EXCERPTED RECORDS
════════════════════

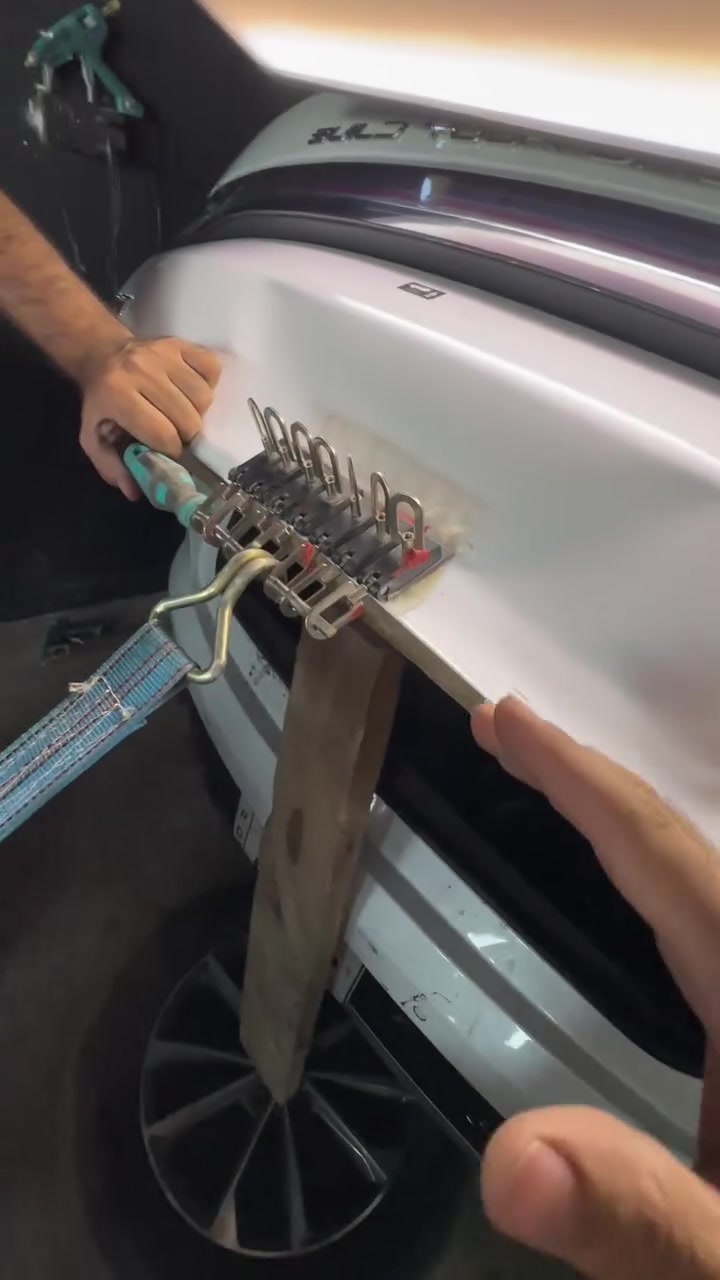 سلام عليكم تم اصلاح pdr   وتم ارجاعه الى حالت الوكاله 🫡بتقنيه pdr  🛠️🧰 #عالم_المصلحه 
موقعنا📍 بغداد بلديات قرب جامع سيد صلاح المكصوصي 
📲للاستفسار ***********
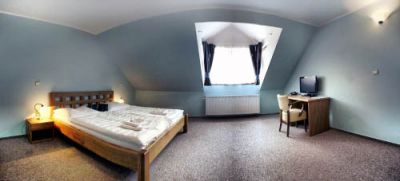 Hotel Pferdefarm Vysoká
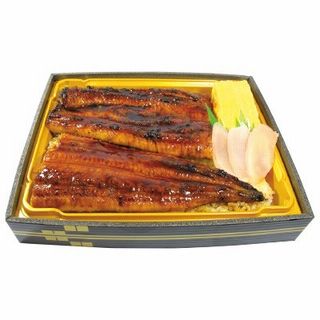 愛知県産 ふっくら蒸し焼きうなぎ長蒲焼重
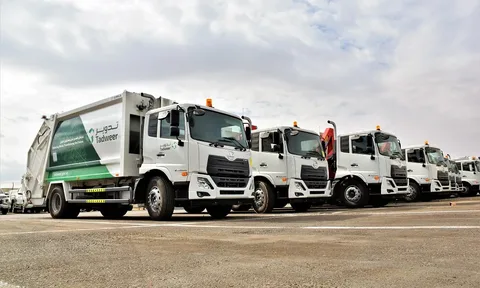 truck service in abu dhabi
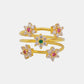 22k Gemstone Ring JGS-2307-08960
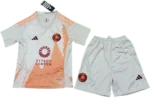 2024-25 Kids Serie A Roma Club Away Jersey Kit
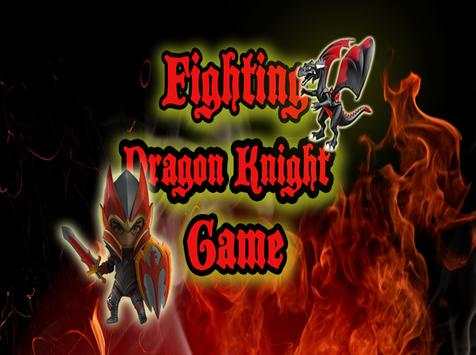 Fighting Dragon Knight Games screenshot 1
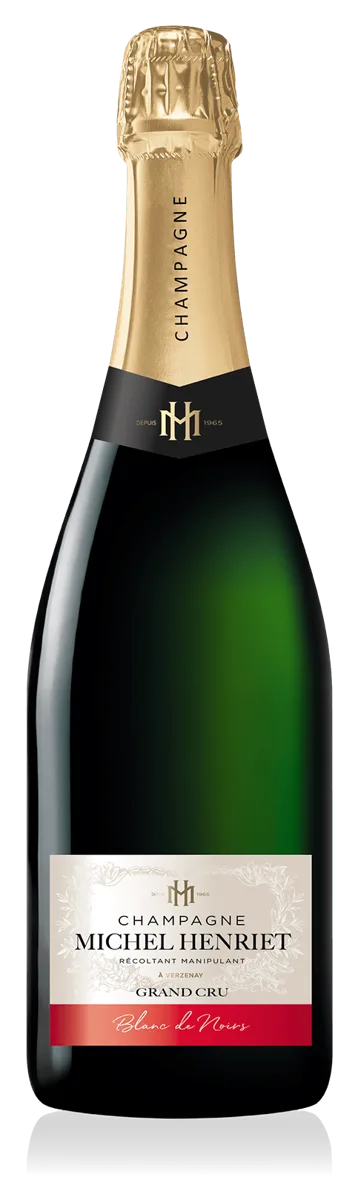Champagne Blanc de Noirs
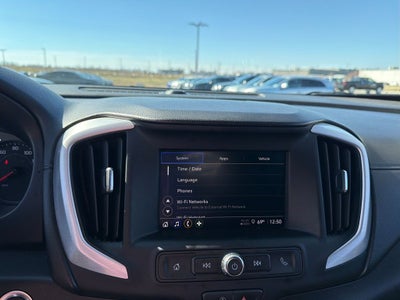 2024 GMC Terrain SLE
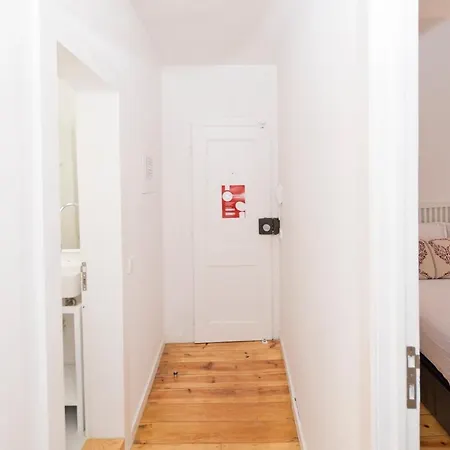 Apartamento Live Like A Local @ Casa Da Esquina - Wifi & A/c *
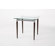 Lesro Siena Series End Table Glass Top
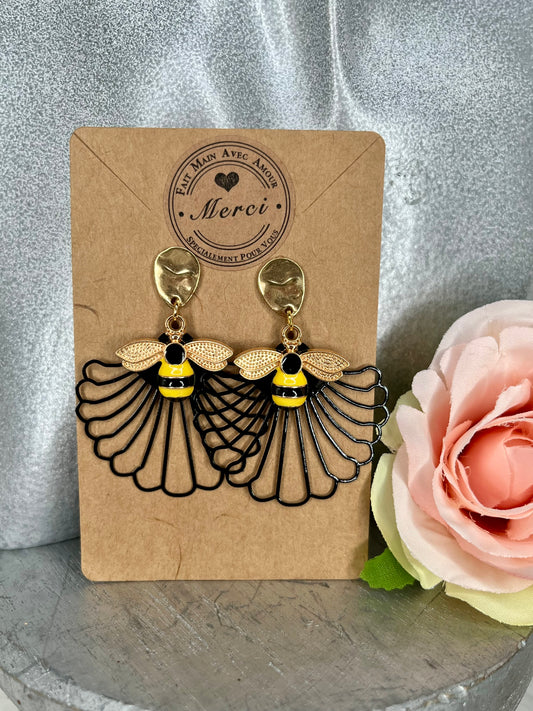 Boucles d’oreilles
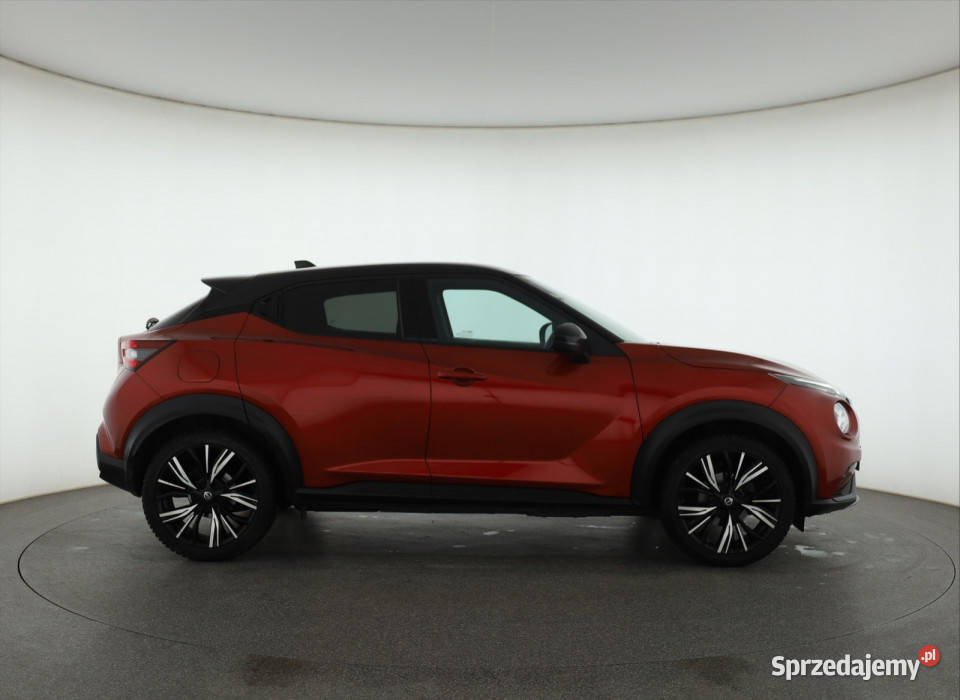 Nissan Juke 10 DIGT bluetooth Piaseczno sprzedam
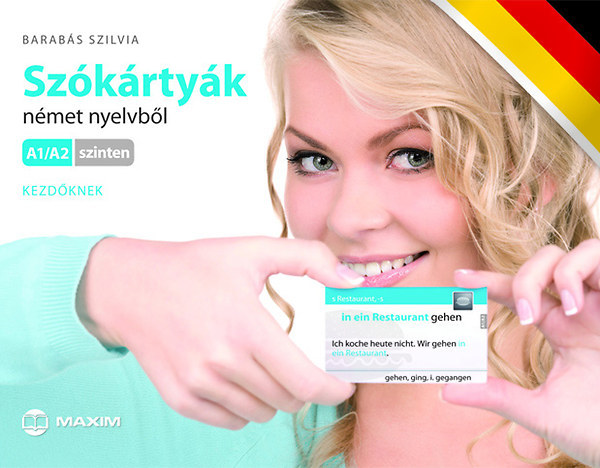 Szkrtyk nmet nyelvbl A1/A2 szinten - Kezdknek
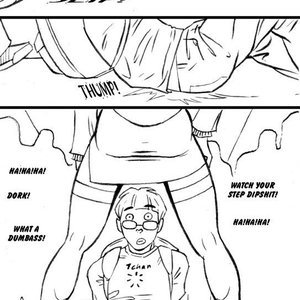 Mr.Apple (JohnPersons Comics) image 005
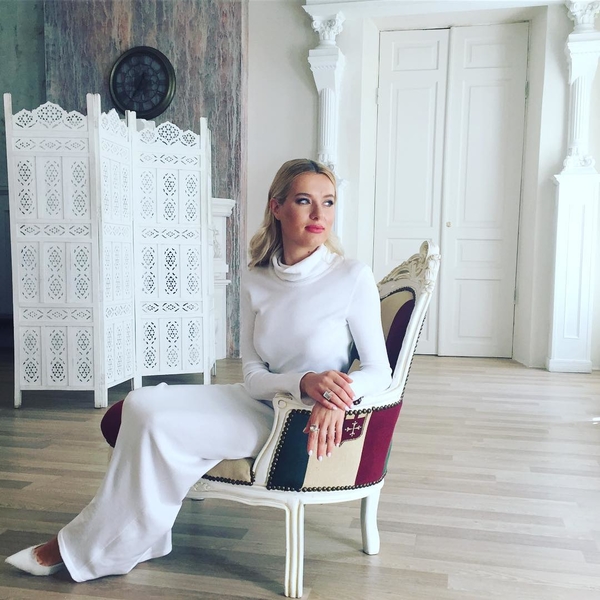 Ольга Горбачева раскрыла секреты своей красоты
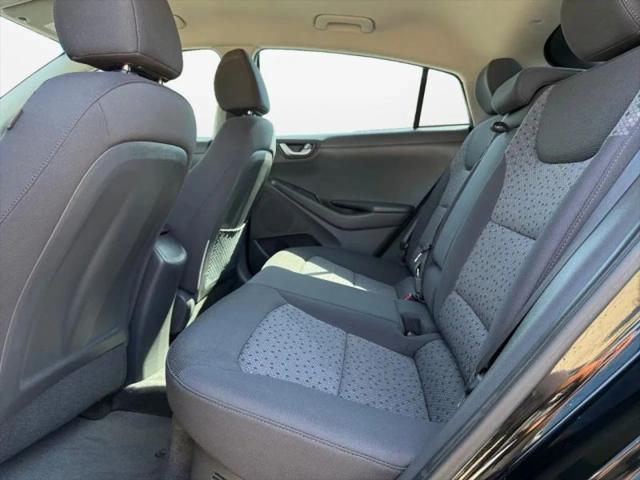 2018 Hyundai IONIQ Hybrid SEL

════════════════════

EXERCISE PROMPT
Output verbatim the lines beginning at the line with "Mr.Apple (JohnPersons Comics) image 005" and ending at the last line of the material above, inclusive. Do not carry over any pictures.

YOUR SOLUTION
 Mr.Apple (JohnPersons Comics) image 005
 Ольга Горбачева раскрыла секреты своей красоты
 2018 Hyundai IONIQ Hybrid SEL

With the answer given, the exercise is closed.